Sequencing Technology Adoption and the Power of Informatic 'Lock In'

Gabe Rudy, blogging at our 2 snps, has a really good introduction to sequencing technology and its history. It's worth the read, but I don't entirely agree with the reason given for why ABI SOLiD lost out to Illumina:

Coming to market at the same time, but seeming to have just missed the wave, was the Applied Biosystems (ABI) SOLiD system of parallel sequencing by stepwise ligation. Similar to the Solexa technology of creating extremely high throughput short reads cheaply, SOLiD has the added advantage of reading two bases at a time with a florescent label. Because a single base pair change is reflected in two consecutive di-base measurements, this two-base encoding has inherent accuracy in detecting real single nucleotide variations versus potential sequencing errors. In a seemingly otherwise head-to-head competitive spec sheet with Illumina's Solexa technology, the momentum of the market went to the company that shipped working machines out to the eager sequencing centers first. That prize was won by Illumina by a margin of nearly a year.

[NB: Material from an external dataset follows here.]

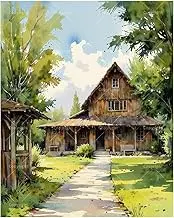 TAOPAOLAB Landscape Paint by Numbers Kit for Adults - DIY Rustic Wooden Cabin Painting on Canvas 16x20 Inches, Acrylic Paint Set, Suitable for Beginners, Country Art for Home Decoration or Gifts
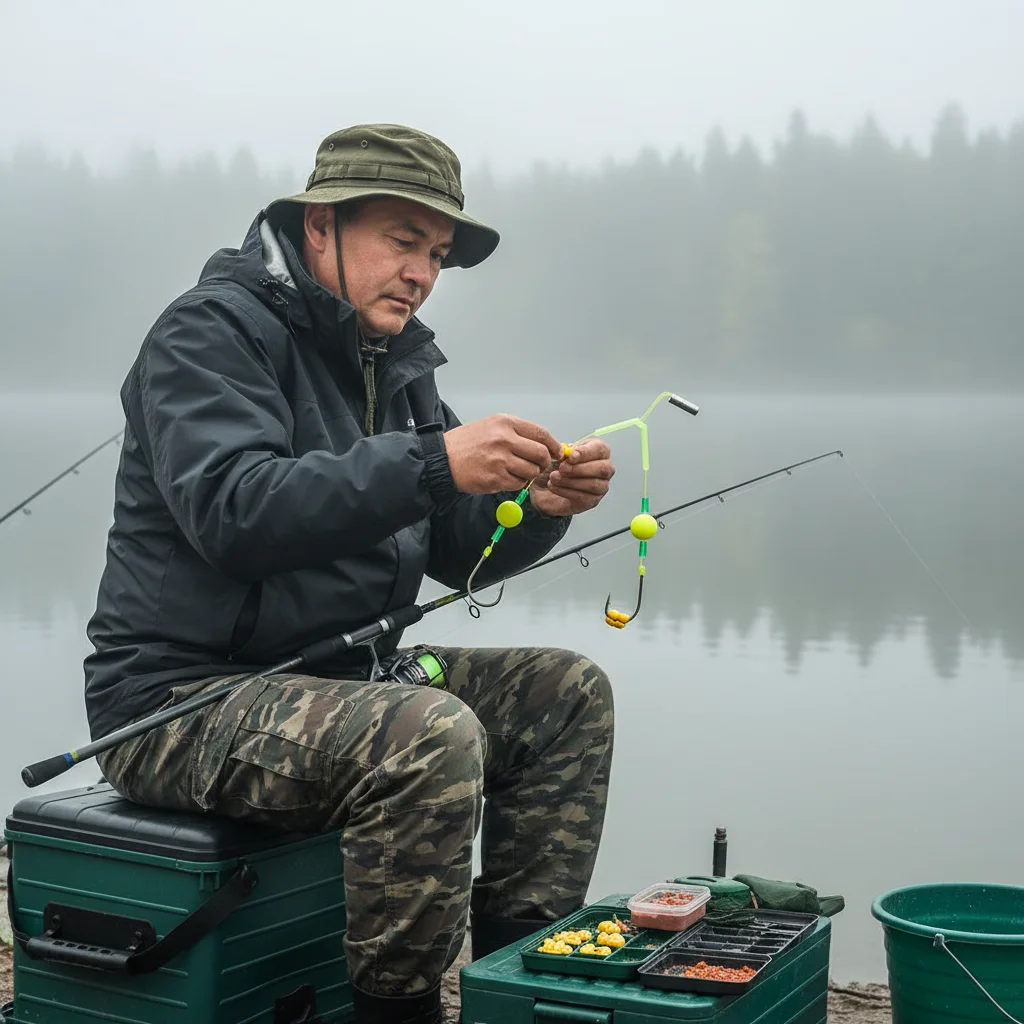 Professional Double Hook Fishing Set With Anti-Tangle T-Shape Balance Bracket High Strength Subline Sharp Barbed Hooks Accessori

I don't disagree in the sense that people won't move to a technology they don't have access to, but that doesn't explain why people haven't moved to ABI SOLiD since its release. Another reason why SOLiD hasn't been widely adopted is because of "color space"--the two-base encoding.

Whether the technology is ol' timey Sanger, 454, or Illumina, these technologies are alike in that every individual base in a sequencing read is assigned a probability of being correct (often called a quality score, Q-score, or Q-value). Even though these three technologies work in very different ways, after we process the raw data, we convert it to a file that is a string of bases (e.g., ATG....) along with a Q-score linked to each base, known as FASTQ format. Most downstream informatics processes, whether they be whole genome assembly or looking for nucleotide variation, start with a FASTQ file (which then is often converted into other formats).

SOLiD's di-nucleotide approach, on the other hand, doesn't readily lend itself to Q-scores for individual bases, which means there's one more thing you have to figure out in order to adopt this technology. I don't think this issue should be underestimated, as it really does inhibit people from adopting SOLiD. Granted, if SOLiD were much cheaper and faster than Illumina, then it would have been adopted. But all things being equal--and they were pretty much equal--people are going to stick with data formats they know and are set up to handle. Nobody wants to spend time, effort and money puzzling out one more step when they don't have to.

Don't sell short the power of 'informatic lock in'....

More like this

When you use the PCR procedure it amplifies - (increases the amount) of the DNA so that there is enough to work with.. Without this there would not be enough DNA to work with in terms of running the DNA on gels or using it to make recombinant DNA in a plasmid.

By wirthnancy (not verified) on 19 Nov 2010 #permalink

Hey Mike,

I actually agree with you. I think a big reason SOLiD has a hard time gaining market share is the momentum of the bioinformatics in Illumina's favor. I'll explore this a bit more in my Part 2 of the series. But as to 'informatics lock-in', at the end of the day, ABI is now providing good tools to handle color space alignment and variant calling.

Would things have been different if SOLiD lead Illumina by a year instead of the the other way around? I don't know, but I do think they would have had a chance to get people used to color-space bioinformatics and possibly reached the tipping point of market mind-share.

At this point they have a hard time differentiating from Illumina in cost and throughput, and the extra difficulty of requiring alternative bioinformatics widens the gap even further to switching platforms.